Bolsonaro se esforça para provar que não é capaz de demonstrar empatia por ninguém que não seja ele próprio, sua família e talvez alguns amigos.
Enquanto a Grande São Paulo ainda conta seus mortos e desabrigados após as tempestades que atingem a região desde domingo, o presidente sobrevoou, nesta terça (1), municípios para tentar convencer eleitores paulistas que ele se importa. Ao por os pés no chão, contudo, mostrou que, na verdade, não.
“A visão [do rastro de destruição] é algo que nos marca. Muitas áreas onde foram construídas residências, faltou obviamente alguma visão de futuro por parte de quem construiu. Bem como por necessidade também, as pessoas fazem nessas áreas de risco”, afirmou, referindo-se às áreas que sofreram com deslizamentos ou inundações.
Visão de futuro? Bolsonaro não entende que ninguém mora em lugares de risco porque querem. Não faz ideia que, ao longo do tempo, a especulação imobiliária, com a anuência do poder público, foi expulsando os mais pobres para encostas de morros e várzeas de rios. Ou pior, sabe e ainda assim tripudia, culpando a vítima.

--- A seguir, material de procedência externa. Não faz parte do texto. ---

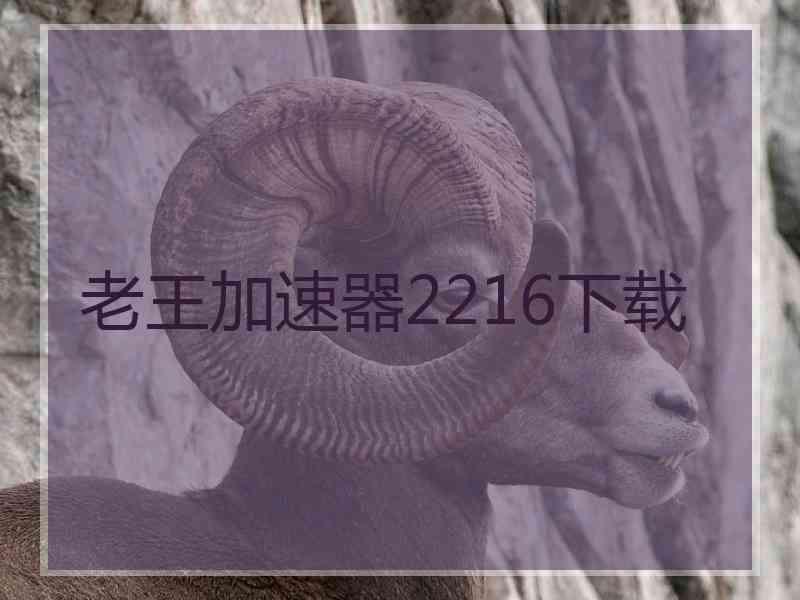 老王加速器2216下载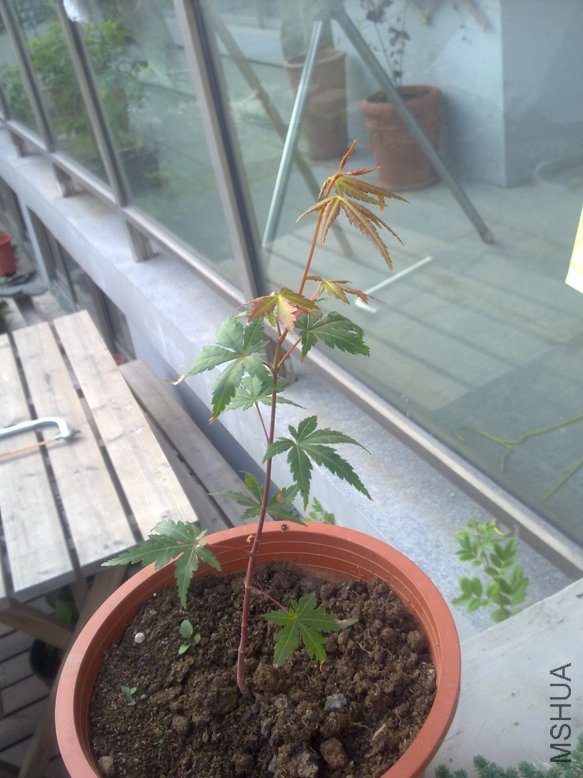 201109181929.jpg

E, nesses locais, essas pessoas morrem a cada verão, quando as consequências da ausência e da incompetência do poder público em níveis federal, estadual e municipal desabam sobre eles.
Por exemplo, sua gestão reduziu em 75% o orçamento de prevenção a desastres do Ministério do Desenvolvimento Regional, de R$ 714 milhões, em 2020, para R$ 171 milhões, em 2021. Esse dinheiro poderia ter atenuado o caos na Bahia, em Minas Gerais e em São Paulo.
Falta de visão tem Bolsonaro que quase zerou as linhas de financiamento habitacional subsidiado voltadas à população mais pobre quando transformou o “Minha Casa, Minha Vida” no “Casa Verde e Amarela”. Sem ter onde morar, as pessoas apelam para a autoconstrução em locais de risco. A questão não é de opção, mas de total ausência dela.
A frase da “visão de futuro” tem o mesmo DNA de outra, que se tornou icônica, de junho de 2020. Após uma apoiadora pedir, na porta do Palácio do Alvorada, que ele enviasse uma mensagem de conforto às famílias enlutadas pela covid-19, Jair disse: “A gente lamenta todos os mortos, mas é o destino de todo mundo”.
Na meritocracia bolsonarista, cada um é culpado pelo próprio infortúnio e por sair dele.
A função do Estado? Vigiar com quem você se deita, impedir a interrupção de gravidez de meninas de 11 anos estupradas pelo próprio tio, dificultar que você vacine seus filhos contra covid-19, ajudar bandidos a desmatar ilegalmente e exportar o fruto da pilhagem, condecorar milícias que apavoram a população do Rio de Janeiro.
Se o presidente se esforçar, consegue arrancar um pedido de desculpas de algumas das famílias de Franco da Rocha ou de Francisco Morato que perderam entes queridos. Afinal de contas, elas fizeram ele gastar tempo, deslocando-se de Brasília até aqui.